One of my children entering into the baptismal waters.
Okay I've opted not to talk about baptism.   The purpose of this blog is not to be about "apologetics", and since there are many varying beliefs about baptism within the spectrum of Christianity I really don't feel like getting into it at this point. However, I will say this...the traditional belief held by Orthodox Christians and Roman Catholics is that baptism is not a mere symbol.  It is holy.  It is sober.  It is *grace-filled.  It is entrance into the Church and her life. A person is born again through baptism, becomes dead to the humanity we have inherited in being descendants of Adam and ultimately raised up into the life of divinity in the new Adam, Jesus Christ.  The journey after baptism is narrow and difficult, because the old Adam (with his passions) doesn't give up so easily.  The propensity to break the commandments is still there. However the Church is a place of healing and love, and through her sacraments like confession and partaking of communion, we are aided in our journey to become more and more like Christ.  The Orthodox Church has been preaching this since 33 AD and if you read the lives of the saints from the 1st to the 21st century they all witness to this truth.  It works.  Men and women become more like Christ.  The wonders performed by Christ in the Gospel are also manifested in these people, and then some.  However, it really isn't about the wonders and miracles, it's about the humility and complete love that these people have acquired.  Boundless love.  Love without limits.  Love to the point of complete self-sacrifice, love to the point of death.  That is REAL Christian love. That is the love of Christ.  And it all begins in baptism.
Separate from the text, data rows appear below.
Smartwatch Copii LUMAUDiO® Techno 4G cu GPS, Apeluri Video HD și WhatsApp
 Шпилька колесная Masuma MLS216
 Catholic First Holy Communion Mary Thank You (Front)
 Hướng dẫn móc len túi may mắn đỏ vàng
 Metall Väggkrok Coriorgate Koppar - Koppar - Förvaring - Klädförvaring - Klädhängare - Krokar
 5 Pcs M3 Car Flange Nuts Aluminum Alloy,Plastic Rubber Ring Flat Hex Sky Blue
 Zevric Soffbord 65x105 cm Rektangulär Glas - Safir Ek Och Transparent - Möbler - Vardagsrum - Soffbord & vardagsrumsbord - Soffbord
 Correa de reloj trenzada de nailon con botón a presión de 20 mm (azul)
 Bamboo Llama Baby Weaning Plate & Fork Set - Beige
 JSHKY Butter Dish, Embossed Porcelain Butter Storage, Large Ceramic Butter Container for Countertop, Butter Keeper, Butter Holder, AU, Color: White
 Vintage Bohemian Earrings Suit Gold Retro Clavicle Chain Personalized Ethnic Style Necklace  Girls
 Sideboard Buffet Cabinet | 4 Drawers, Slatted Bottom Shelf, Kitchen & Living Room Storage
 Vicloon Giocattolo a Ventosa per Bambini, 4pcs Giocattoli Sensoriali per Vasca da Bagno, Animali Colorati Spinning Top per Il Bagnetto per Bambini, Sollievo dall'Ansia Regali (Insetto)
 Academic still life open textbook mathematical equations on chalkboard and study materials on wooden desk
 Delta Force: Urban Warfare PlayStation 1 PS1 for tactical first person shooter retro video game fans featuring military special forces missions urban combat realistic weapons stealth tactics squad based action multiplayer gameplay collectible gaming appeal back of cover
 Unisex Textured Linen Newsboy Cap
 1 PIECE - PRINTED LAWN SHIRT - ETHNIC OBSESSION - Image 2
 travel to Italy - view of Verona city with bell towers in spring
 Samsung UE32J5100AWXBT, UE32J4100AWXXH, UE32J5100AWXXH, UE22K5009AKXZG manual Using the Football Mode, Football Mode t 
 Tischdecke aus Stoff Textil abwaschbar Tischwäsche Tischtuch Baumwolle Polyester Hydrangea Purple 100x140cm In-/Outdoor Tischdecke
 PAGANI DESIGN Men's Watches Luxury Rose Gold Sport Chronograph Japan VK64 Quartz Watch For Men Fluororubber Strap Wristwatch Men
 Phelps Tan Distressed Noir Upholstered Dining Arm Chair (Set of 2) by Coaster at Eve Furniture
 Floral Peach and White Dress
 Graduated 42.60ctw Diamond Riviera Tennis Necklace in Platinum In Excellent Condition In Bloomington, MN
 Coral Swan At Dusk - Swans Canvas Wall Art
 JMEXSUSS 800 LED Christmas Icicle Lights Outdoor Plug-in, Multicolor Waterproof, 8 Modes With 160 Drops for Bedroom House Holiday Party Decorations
Well for someone who wasn't going to talk about baptism, it looks like I did.  Next post will be about these people, the saints who were all martyrs of one sort or another. (And by martyrs I don't mean people that strap a bomb to their chest and jump onto a bus.  The word martyr has been usurped and perverted.) No, these men and women were dead to the pleasures and deceits of this world and lived their lives with the end in mind, that is, physical death followed by eternal life.  

See you soon!

*a note on grace. Grace, when used in the Orthodox Church, does not mean "good favor". It specifically refers to the actual divine energy of God.  It is an infusion of God's energy through the Holy Spirit, the third person of the Holy Trinity.  Here's an official definition of grace from the book  The Incarnate God, Volume I:

Grace: it is love, the gift of God, which bestows his divinity on us through his energies, in order to make us partakers of divine nature (2 Peter 1:4).  The Fathers of the Church insist on the fact that God bestows his grace, but it is up to man to receive it and make it operative. (page 181)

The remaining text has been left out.